#### [Task]
Please repeat, from the entries that follow, the lines from the one containing "1741 Hialeah, Taylor" through the one containing "Marc Gasol penetra" exactly, adding nothing.

========

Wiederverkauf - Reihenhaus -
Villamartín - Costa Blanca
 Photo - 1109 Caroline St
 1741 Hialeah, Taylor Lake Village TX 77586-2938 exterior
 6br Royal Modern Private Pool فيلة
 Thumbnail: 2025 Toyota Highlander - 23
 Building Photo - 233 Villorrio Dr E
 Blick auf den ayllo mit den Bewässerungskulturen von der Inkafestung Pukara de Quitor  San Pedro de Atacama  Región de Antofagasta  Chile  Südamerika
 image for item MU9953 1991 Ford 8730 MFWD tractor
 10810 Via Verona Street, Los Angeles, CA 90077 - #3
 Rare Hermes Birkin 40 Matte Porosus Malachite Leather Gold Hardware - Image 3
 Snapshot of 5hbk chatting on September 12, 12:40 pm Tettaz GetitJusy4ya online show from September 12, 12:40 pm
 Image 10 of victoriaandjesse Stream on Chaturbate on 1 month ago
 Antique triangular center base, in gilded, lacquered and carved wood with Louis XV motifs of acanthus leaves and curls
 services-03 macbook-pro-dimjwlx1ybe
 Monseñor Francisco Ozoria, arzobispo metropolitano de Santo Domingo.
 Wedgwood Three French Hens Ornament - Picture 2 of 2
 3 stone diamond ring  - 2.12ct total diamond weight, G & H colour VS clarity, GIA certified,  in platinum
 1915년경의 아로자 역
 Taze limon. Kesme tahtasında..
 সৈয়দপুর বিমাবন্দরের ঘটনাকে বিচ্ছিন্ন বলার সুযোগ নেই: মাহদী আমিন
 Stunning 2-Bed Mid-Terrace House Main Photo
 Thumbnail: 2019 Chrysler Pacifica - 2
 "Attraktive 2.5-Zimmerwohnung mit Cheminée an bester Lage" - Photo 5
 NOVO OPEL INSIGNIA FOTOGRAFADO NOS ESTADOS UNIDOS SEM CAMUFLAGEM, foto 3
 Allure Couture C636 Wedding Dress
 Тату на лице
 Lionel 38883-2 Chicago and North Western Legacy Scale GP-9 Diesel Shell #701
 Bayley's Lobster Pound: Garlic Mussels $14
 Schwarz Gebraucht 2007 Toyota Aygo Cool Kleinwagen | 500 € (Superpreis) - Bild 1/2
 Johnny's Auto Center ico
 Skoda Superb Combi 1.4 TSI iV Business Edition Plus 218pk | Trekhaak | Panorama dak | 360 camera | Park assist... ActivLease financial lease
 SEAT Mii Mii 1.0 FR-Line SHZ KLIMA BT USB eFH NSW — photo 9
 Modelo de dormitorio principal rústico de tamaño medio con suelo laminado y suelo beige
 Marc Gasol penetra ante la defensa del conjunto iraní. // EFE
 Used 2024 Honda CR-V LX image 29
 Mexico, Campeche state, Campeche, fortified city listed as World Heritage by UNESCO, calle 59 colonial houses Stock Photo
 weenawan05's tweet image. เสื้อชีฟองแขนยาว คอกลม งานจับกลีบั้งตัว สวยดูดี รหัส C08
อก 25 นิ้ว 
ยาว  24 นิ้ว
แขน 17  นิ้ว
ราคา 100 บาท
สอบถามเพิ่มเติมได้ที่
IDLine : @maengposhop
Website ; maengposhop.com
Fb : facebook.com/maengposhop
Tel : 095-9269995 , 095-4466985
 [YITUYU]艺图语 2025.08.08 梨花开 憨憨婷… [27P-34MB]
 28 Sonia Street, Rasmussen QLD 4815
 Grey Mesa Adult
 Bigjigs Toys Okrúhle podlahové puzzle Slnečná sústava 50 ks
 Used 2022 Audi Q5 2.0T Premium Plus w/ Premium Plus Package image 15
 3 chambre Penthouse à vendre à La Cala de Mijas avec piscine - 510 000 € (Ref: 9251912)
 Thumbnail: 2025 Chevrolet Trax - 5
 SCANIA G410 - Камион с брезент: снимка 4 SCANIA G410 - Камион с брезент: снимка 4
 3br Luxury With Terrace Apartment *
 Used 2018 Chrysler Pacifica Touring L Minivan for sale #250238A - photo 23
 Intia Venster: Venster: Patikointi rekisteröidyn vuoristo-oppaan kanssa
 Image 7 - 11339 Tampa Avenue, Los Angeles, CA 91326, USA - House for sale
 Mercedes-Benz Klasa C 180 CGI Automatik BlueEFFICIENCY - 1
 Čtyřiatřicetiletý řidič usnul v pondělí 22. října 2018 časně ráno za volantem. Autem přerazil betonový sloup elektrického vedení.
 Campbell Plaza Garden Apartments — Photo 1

========

#### [Answer box]
 1741 Hialeah, Taylor Lake Village TX 77586-2938 exterior
 6br Royal Modern Private Pool فيلة
 Thumbnail: 2025 Toyota Highlander - 23
 Building Photo - 233 Villorrio Dr E
 Blick auf den ayllo mit den Bewässerungskulturen von der Inkafestung Pukara de Quitor  San Pedro de Atacama  Región de Antofagasta  Chile  Südamerika
 image for item MU9953 1991 Ford 8730 MFWD tractor
 10810 Via Verona Street, Los Angeles, CA 90077 - #3
 Rare Hermes Birkin 40 Matte Porosus Malachite Leather Gold Hardware - Image 3
 Snapshot of 5hbk chatting on September 12, 12:40 pm Tettaz GetitJusy4ya online show from September 12, 12:40 pm
 Image 10 of victoriaandjesse Stream on Chaturbate on 1 month ago
 Antique triangular center base, in gilded, lacquered and carved wood with Louis XV motifs of acanthus leaves and curls
 services-03 macbook-pro-dimjwlx1ybe
 Monseñor Francisco Ozoria, arzobispo metropolitano de Santo Domingo.
 Wedgwood Three French Hens Ornament - Picture 2 of 2
 3 stone diamond ring  - 2.12ct total diamond weight, G & H colour VS clarity, GIA certified,  in platinum
 1915년경의 아로자 역
 Taze limon. Kesme tahtasında..
 সৈয়দপুর বিমাবন্দরের ঘটনাকে বিচ্ছিন্ন বলার সুযোগ নেই: মাহদী আমিন
 Stunning 2-Bed Mid-Terrace House Main Photo
 Thumbnail: 2019 Chrysler Pacifica - 2
 "Attraktive 2.5-Zimmerwohnung mit Cheminée an bester Lage" - Photo 5
 NOVO OPEL INSIGNIA FOTOGRAFADO NOS ESTADOS UNIDOS SEM CAMUFLAGEM, foto 3
 Allure Couture C636 Wedding Dress
 Тату на лице
 Lionel 38883-2 Chicago and North Western Legacy Scale GP-9 Diesel Shell #701
 Bayley's Lobster Pound: Garlic Mussels $14
 Schwarz Gebraucht 2007 Toyota Aygo Cool Kleinwagen | 500 € (Superpreis) - Bild 1/2
 Johnny's Auto Center ico
 Skoda Superb Combi 1.4 TSI iV Business Edition Plus 218pk | Trekhaak | Panorama dak | 360 camera | Park assist... ActivLease financial lease
 SEAT Mii Mii 1.0 FR-Line SHZ KLIMA BT USB eFH NSW — photo 9
 Modelo de dormitorio principal rústico de tamaño medio con suelo laminado y suelo beige
 Marc Gasol penetra ante la defensa del conjunto iraní. // EFE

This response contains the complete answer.